--- Input material Enclosed Below ---

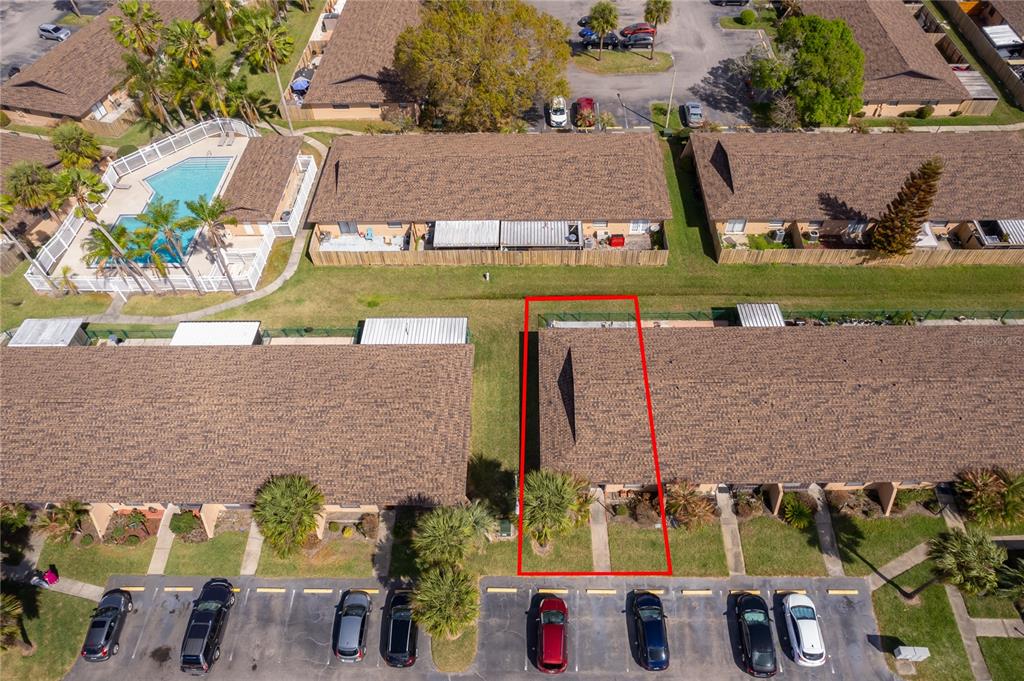 An aerial view shows a residential apartment building with a red outline highlighting one unit — 2123 ST MARTEEN COURT, KISSIMMEE, FL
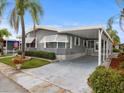 Gray manufactured home with carport, landscaping, and American flag at 62 Pelican S Dr, Oldsmar, FL 34677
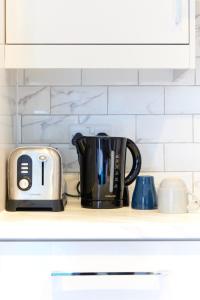 a black coffee pot and a toaster on a kitchen counter at Wonderful Holiday Studio in the Trendy Brick Lane in London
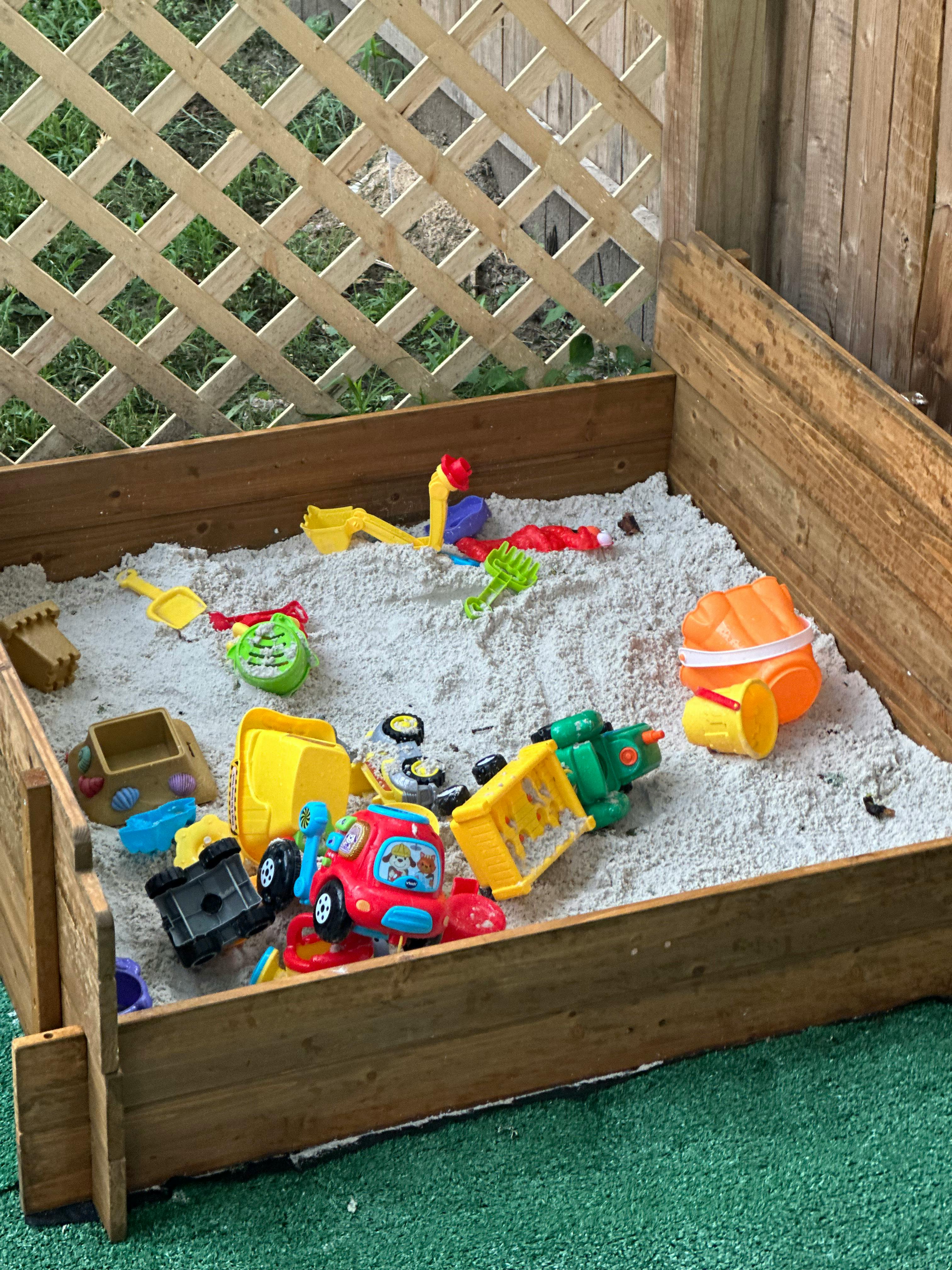 Sandbox with various colorful plastic toys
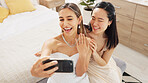 Bride, bridesmaid and selfie with phone, wedding and ring with a smile to post on social media. Happy woman and asian friend excited for marriage celebration with fashion white dress in a bedroom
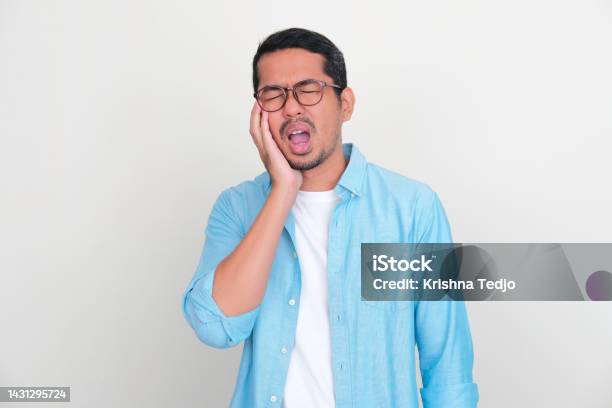 Adult Asian Man Touching His Jaw With Pain Expression Stock Photo - Download Image Now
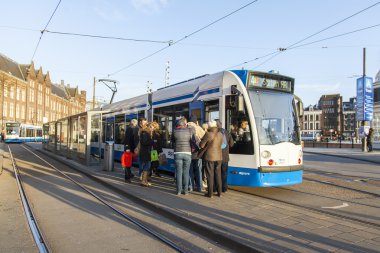 Amsterdam, Hollanda üzerinde 28 Mart 2016. Bahar öğleden sonra tipik kent görünümünde. Tramvay caddeden aşağı taşır. 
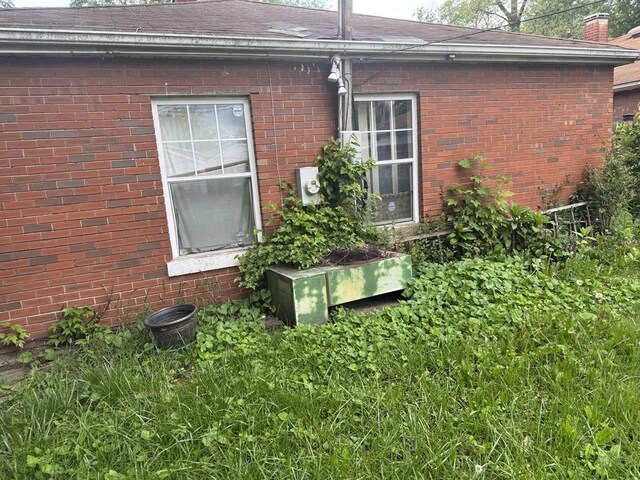 14915 Irving Ave, Dolton, IL 60419 - view of side of home with brick siding and a shingled roof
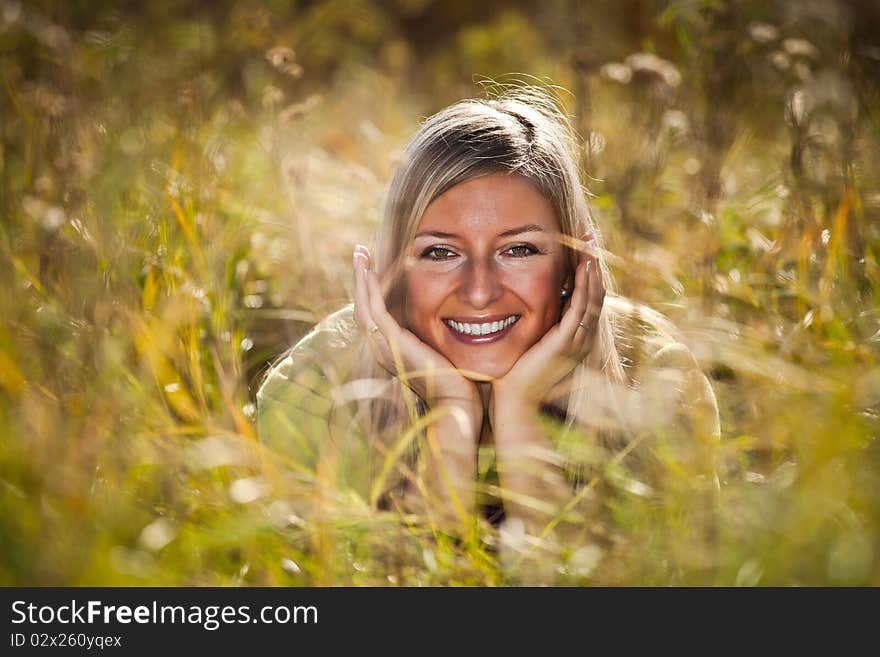 Caucasian young adult blond woman outdoor fall time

--- End of Enclosed Input material ---

• _Aim of the exercise_:
All of the records need repeating exactly, except for the pictures.

• _Solved exercise_:
 An aerial view shows a residential apartment building with a red outline highlighting one unit — 2123 ST MARTEEN COURT, KISSIMMEE, FL
 Gray manufactured home with carport, landscaping, and American flag at 62 Pelican S Dr, Oldsmar, FL 34677
 a black coffee pot and a toaster on a kitchen counter at Wonderful Holiday Studio in the Trendy Brick Lane in London
 Sandbox with various colorful plastic toys
 Bride, bridesmaid and selfie with phone, wedding and ring with a smile to post on social media. Happy woman and asian friend excited for marriage celebration with fashion white dress in a bedroom
 Adult Asian Man Touching His Jaw With Pain Expression Stock Photo - Download Image Now
 Amsterdam, Hollanda üzerinde 28 Mart 2016. Bahar öğleden sonra tipik kent görünümünde. Tramvay caddeden aşağı taşır. 
 14915 Irving Ave, Dolton, IL 60419 - view of side of home with brick siding and a shingled roof
 Caucasian young adult blond woman outdoor fall time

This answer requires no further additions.